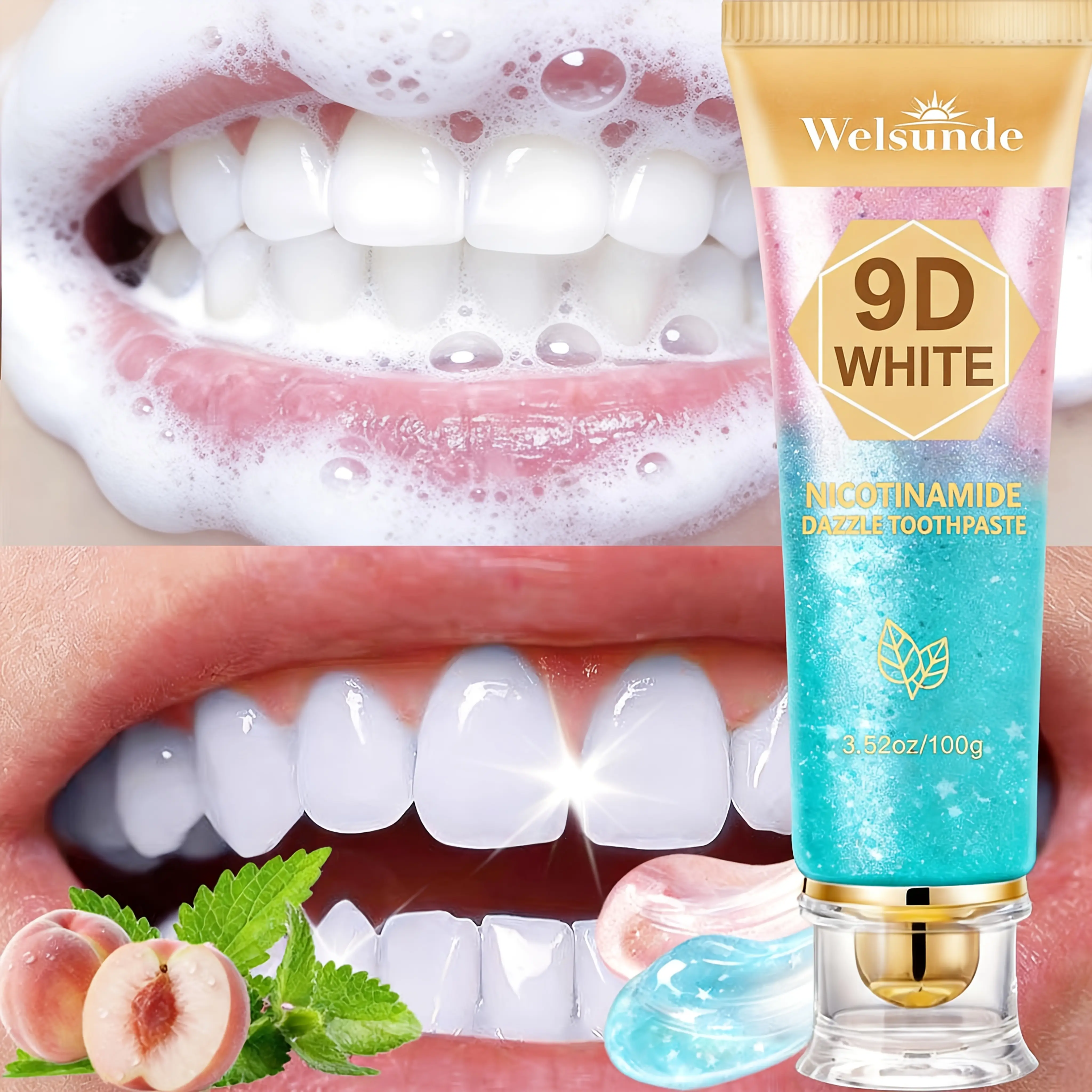 Welsunde Nicotinamide Toothpaste, Glitter Quicksand Texture, Mint Flavor, Fresh Breath & Surface Stain Removal, Daily Family Oral Care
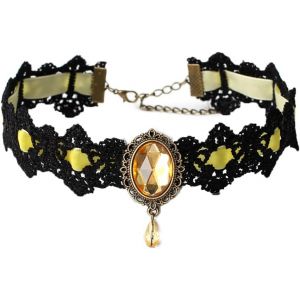 Kal-Collier Dentelle Noire Collier Pendentif En Cristal Velours Vintage Bijoux Gothique Fleur Creuse Choker Accessoires D`Halloween Pour Femmes Et Filles (F) - Neuf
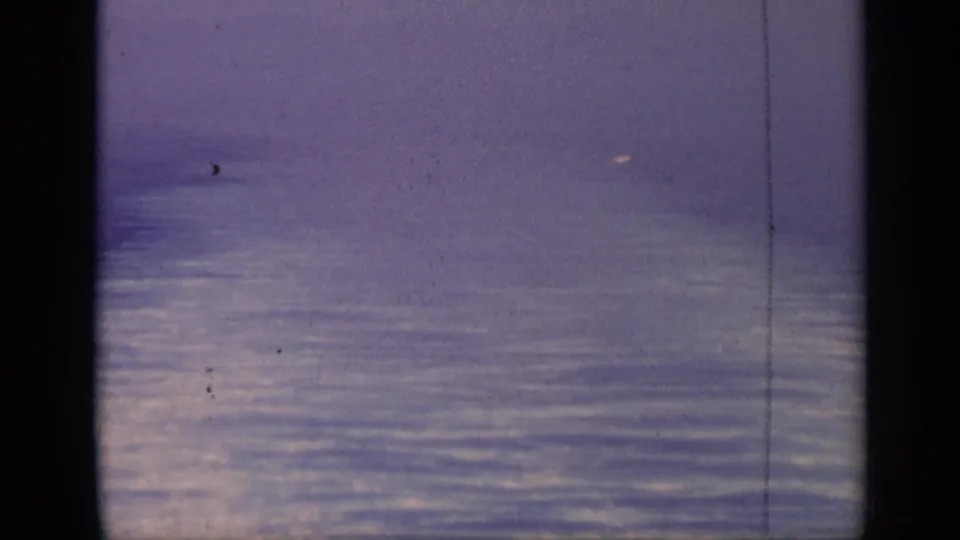 1962 Italy 8mm frame showing rippled open water, a low horizon, and faint offshore shapes with visible dust and scan artifacts.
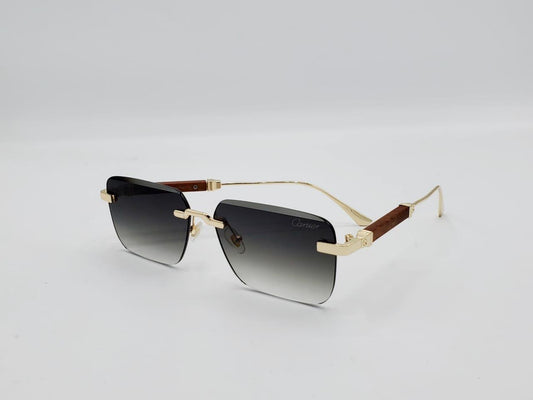 Rimless luxury sunglasses with gold arms, wooden temples, and black fade lenses – unisex fashion accessory

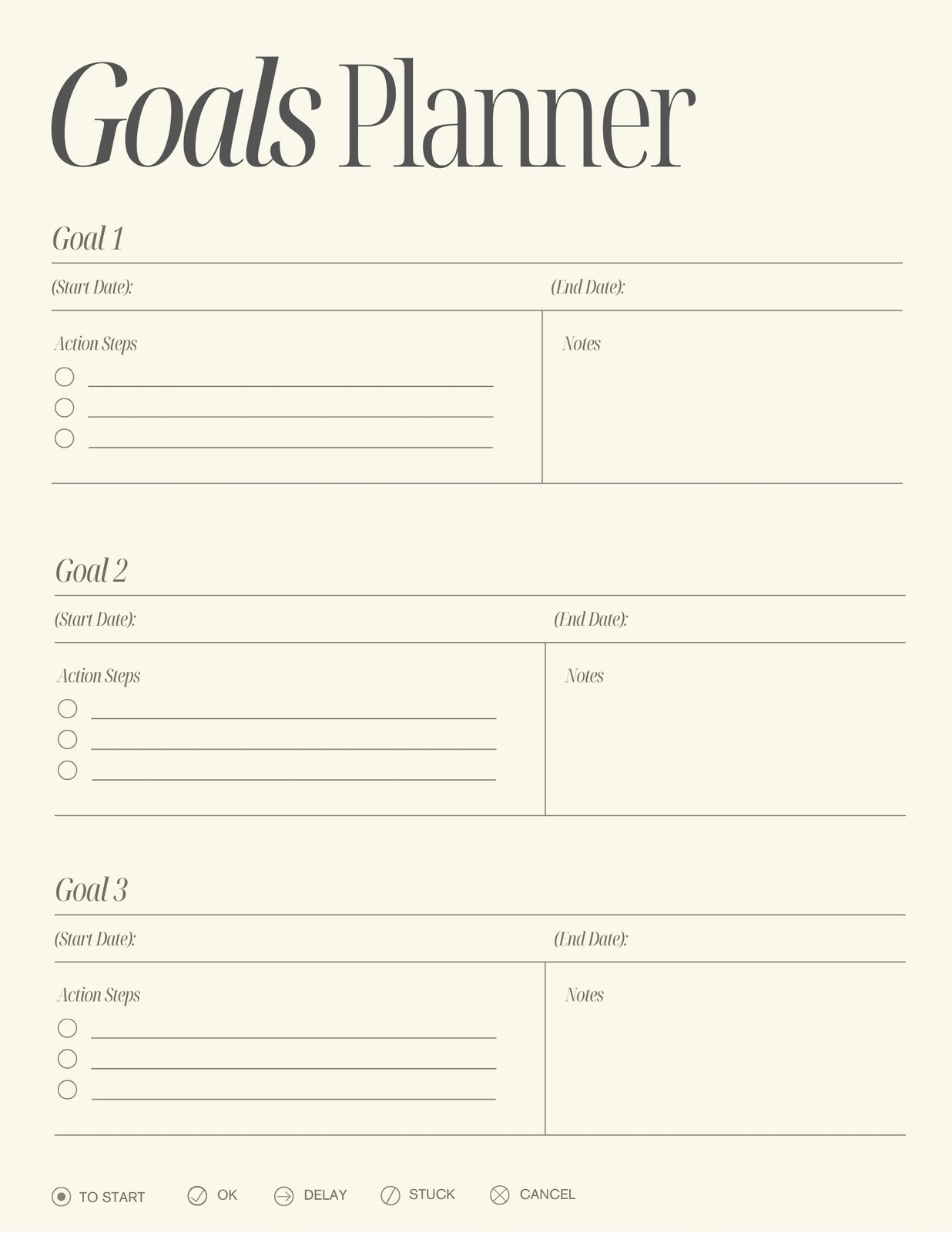 Goal Plan Template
-------
Repeat the data in full and exactly. Omit pictures.

 Welsunde Nicotinamide Toothpaste, Glitter Quicksand Texture, Mint Flavor, Fresh Breath & Surface Stain Removal, Daily Family Oral Care
 Kal-Collier Dentelle Noire Collier Pendentif En Cristal Velours Vintage Bijoux Gothique Fleur Creuse Choker Accessoires D`Halloween Pour Femmes Et Filles (F) - Neuf
 1962 Italy 8mm frame showing rippled open water, a low horizon, and faint offshore shapes with visible dust and scan artifacts.
 Rimless luxury sunglasses with gold arms, wooden temples, and black fade lenses – unisex fashion accessory

 Goal Plan Template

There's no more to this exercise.